Jubatus(ユバタス)に触れてみる

Jubatus(ユバタスと読む。チーターという意味)はNTTとPFIが一緒に開発した国産のソフトウエアで
NTTのホームページのVol.3 「Jubatus（ユバタス）」ビッグデータを「大量に」「素早く」「深く」解析できる仕組みには
↓のように記載されています。

「Jubatus」は、「Hadoop」にはない「リアルタイム処理」「オンライン機械学習」の2点を兼ね備えており、
素早いレスポンスが求められる場面でより高度なデータ分析を行うことが可能となっている。
また、メールのスパムフィルタ等で活用されている分類機能や、後述のサーバの消費電力推定等で利用できる回帰機能、
またレコメンデーション機能に用いられる近傍探索機能といった、世の中で広く用いられているアルゴリズムに対応している。

なんか読んでるだけでワクワクしてきますね。

来週、第3回 Jubatus ハンズオン EC2で分散実行編という勉強会があって、
それに参加申込みするのに、過去のハンズオンの第1回 Jubatus ハンズオンを理解してるの前提的な。
　
やろうやろうと思ってたのですが、なかなかアレで、、
ようやく第1回のハンズオン終わったので、第3回に申し込もうとってたら、キャンセル待ちっていう…orz
　
　
■ イントロダクション
　
まずはPDFのイントロダクションを読んでみます。
↓の部分を読んでて、コレ使いこなせたら前職の時のアレとかアレとかウマいことやれたんじゃないかなって思ったりとか。

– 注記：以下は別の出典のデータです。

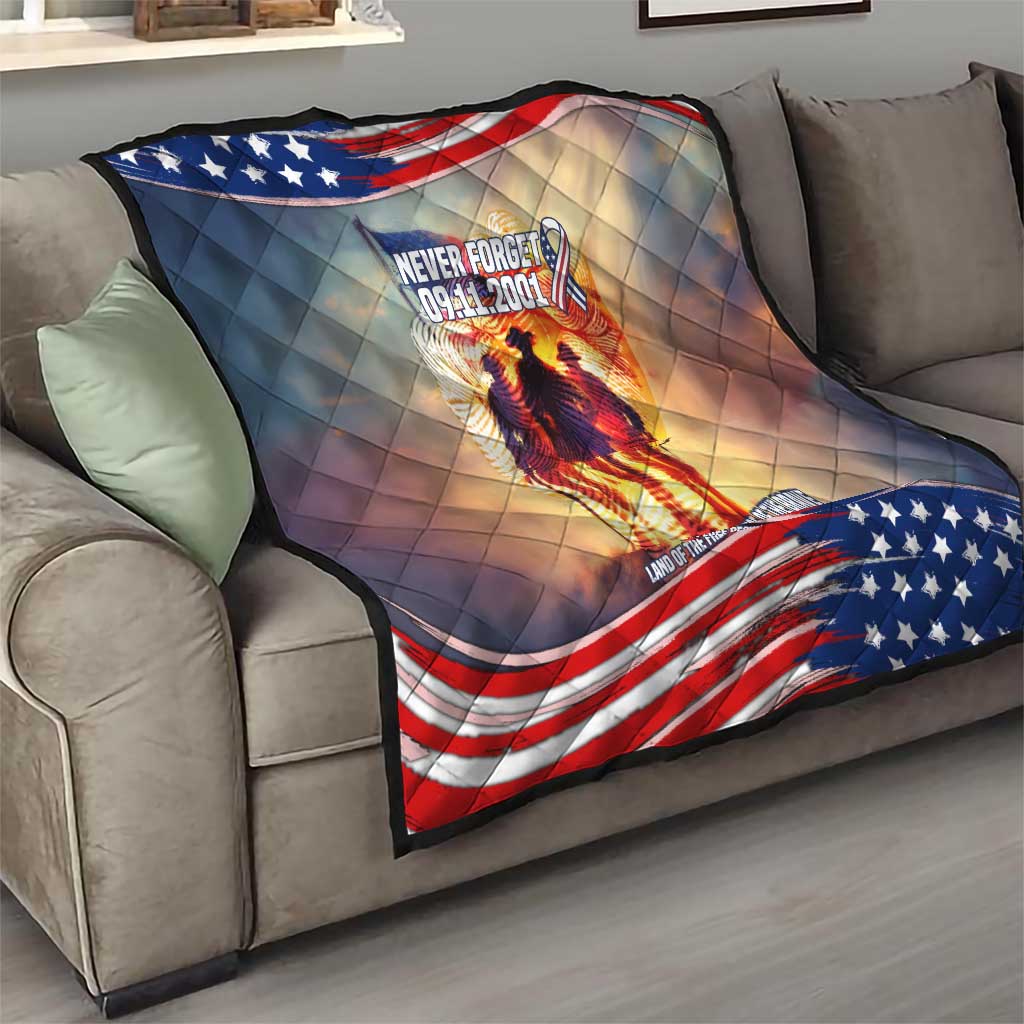 911 Memorial Patriot Day Quilt American Flag and Soldier Tribute Never Forget - Wonder Print Shop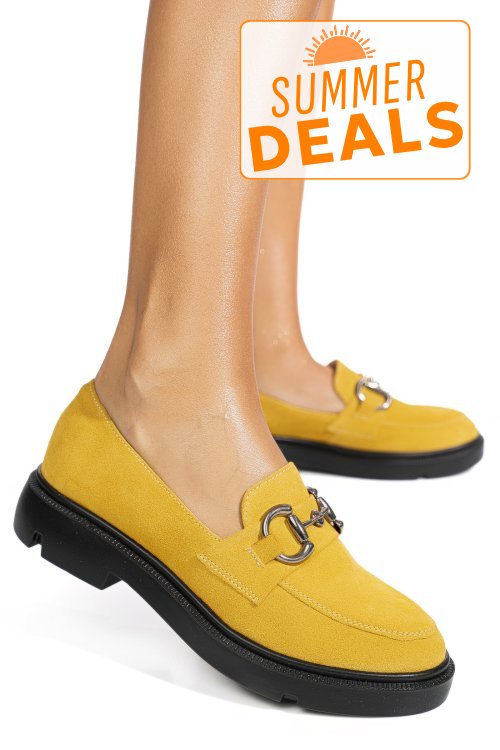 Mocasini galbeni piele naturala intoarsa 1s77243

Jubatus は NTT 研究所と Preferred Infrastructure が共同開発し、オープンソースとして公開している機械学習の
ツールです。先ほど書いたような分類問題のみならず、回帰、レコメンド、異常検知など、様々な機械学習の問題
を扱うことができます。

Jubatus のもう一つの大きな特徴として、分散環境で動かすことができます。機械学習の技術を使うときに扱う
データが大量になる場合があります。Jubatus は複数の計算機に分散して学習を行うことができるように作られて
います。

Jubatus は機械学習技術の中でも、オンライン学習と呼ばれる種類の技術にのみフォーカスしています。従
来はデータを貯めこんでから学習を行うバッチ学習という方法が主流でした。近年は、データを貯めこまず、次々
にやってくるデータを使って逐次的に学習する手法の研究が盛んになっています。それがバッチ処理と対比して
オンライン学習と呼ばれるアプローチです。

　
　
■ セットアップ＆実行
　
↓に沿って環境をセットアップしていきます。
http://download.jubat.us/event/handson_01/setup/
　
VirtualBoxにJubatusのハンズオンの環境が入ったイメージをロードして、

　
起動して稼働を確認後、

　
ホストOSからSSHとJubatusのプロトコルでアクセスするように設定します。

　
sshでホストOSから接続して、分類用のコマンドである jubaclassifier を叩いてみます。ほうほうって感じ。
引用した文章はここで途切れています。